### TASK BRIEF
Sort through the entries below and pull out lines containing the word "Sleeve".

### GIVEN ENTRIES
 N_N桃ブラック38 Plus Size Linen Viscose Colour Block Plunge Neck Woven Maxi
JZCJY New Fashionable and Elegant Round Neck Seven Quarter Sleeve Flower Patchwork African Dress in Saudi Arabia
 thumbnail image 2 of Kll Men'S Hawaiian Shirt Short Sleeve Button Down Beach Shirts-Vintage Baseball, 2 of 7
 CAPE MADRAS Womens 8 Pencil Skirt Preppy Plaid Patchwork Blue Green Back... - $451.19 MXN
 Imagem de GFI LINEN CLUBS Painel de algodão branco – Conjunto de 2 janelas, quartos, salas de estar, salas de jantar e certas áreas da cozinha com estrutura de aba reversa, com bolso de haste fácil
--
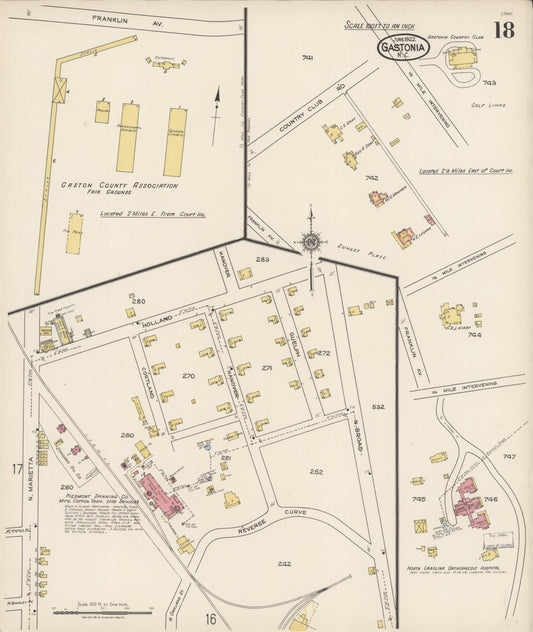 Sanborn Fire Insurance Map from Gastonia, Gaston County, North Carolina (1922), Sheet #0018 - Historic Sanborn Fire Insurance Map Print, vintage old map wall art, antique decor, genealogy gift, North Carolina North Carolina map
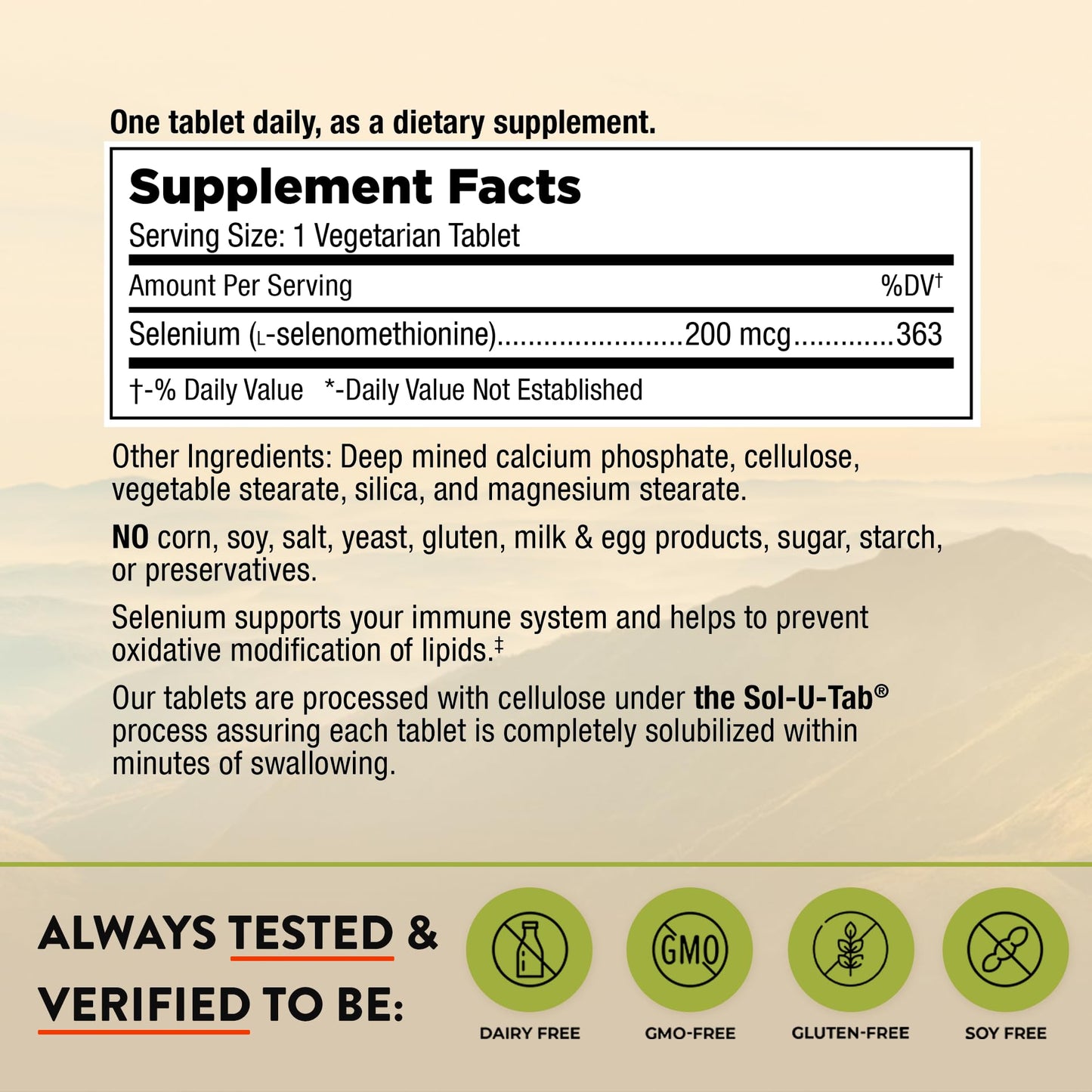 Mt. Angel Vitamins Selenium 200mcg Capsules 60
==
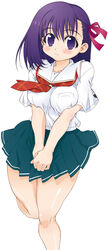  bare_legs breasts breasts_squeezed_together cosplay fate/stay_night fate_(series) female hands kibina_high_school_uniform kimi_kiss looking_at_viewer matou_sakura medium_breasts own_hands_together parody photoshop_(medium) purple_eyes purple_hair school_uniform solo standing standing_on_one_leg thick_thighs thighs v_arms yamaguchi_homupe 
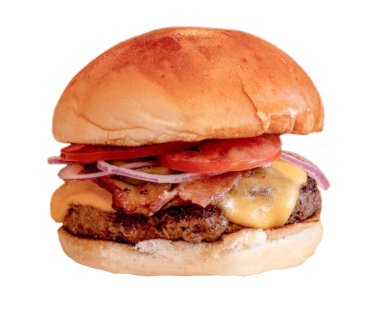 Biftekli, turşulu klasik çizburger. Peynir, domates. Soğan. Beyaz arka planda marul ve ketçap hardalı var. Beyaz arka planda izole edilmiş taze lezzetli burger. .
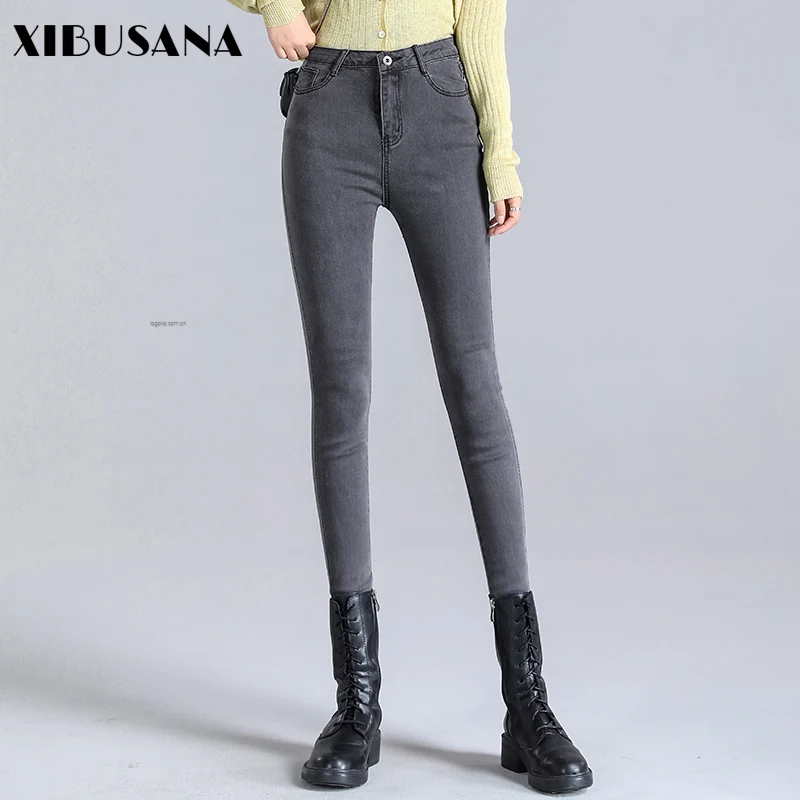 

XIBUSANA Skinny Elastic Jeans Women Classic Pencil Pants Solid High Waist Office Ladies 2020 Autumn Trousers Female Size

### OUTPUT OF THE EXERCISE
JZCJY New Fashionable and Elegant Round Neck Seven Quarter Sleeve Flower Patchwork African Dress in Saudi Arabia
 thumbnail image 2 of Kll Men'S Hawaiian Shirt Short Sleeve Button Down Beach Shirts-Vintage Baseball, 2 of 7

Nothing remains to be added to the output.